**EXERCISE PROMPT:**
The copy you give must match the records exactly, except that it holds no images.

---------------

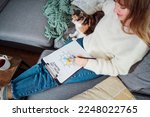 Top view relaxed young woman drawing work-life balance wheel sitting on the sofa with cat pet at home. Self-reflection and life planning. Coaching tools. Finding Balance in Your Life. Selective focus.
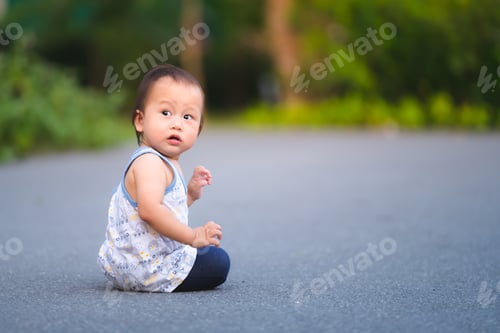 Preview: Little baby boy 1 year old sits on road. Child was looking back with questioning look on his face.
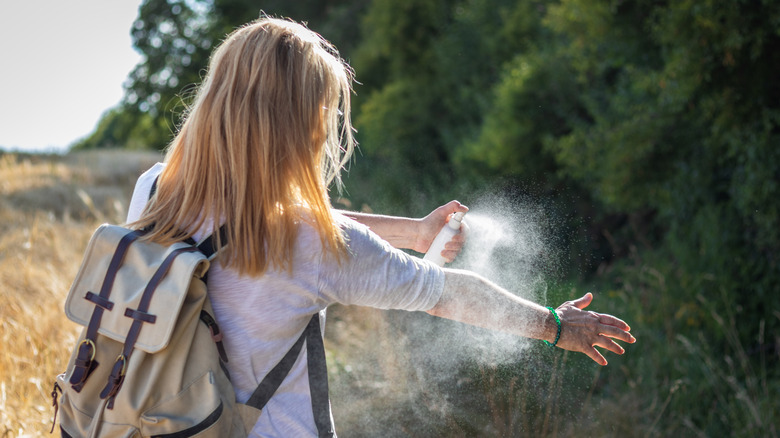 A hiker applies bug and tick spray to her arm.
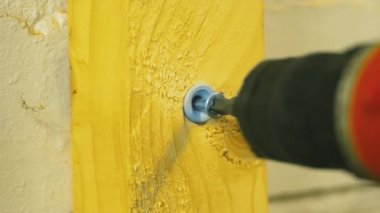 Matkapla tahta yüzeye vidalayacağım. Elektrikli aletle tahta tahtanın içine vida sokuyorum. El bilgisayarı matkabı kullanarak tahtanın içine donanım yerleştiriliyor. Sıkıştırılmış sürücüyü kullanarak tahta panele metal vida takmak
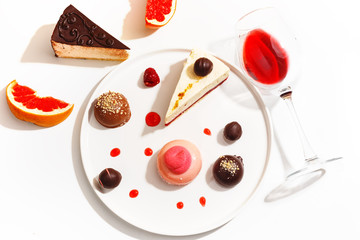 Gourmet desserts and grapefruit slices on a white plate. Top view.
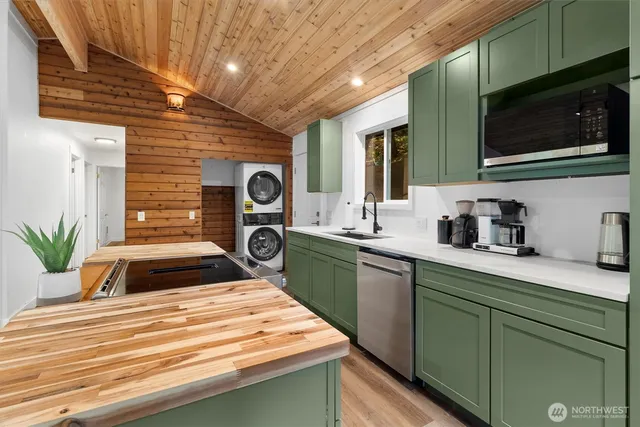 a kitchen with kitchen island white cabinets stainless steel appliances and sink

---------------

**REPLY:**
 Top view relaxed young woman drawing work-life balance wheel sitting on the sofa with cat pet at home. Self-reflection and life planning. Coaching tools. Finding Balance in Your Life. Selective focus.
 Preview: Little baby boy 1 year old sits on road. Child was looking back with questioning look on his face.
 A hiker applies bug and tick spray to her arm.
 Matkapla tahta yüzeye vidalayacağım. Elektrikli aletle tahta tahtanın içine vida sokuyorum. El bilgisayarı matkabı kullanarak tahtanın içine donanım yerleştiriliyor. Sıkıştırılmış sürücüyü kullanarak tahta panele metal vida takmak
 Gourmet desserts and grapefruit slices on a white plate. Top view.
 a kitchen with kitchen island white cabinets stainless steel appliances and sink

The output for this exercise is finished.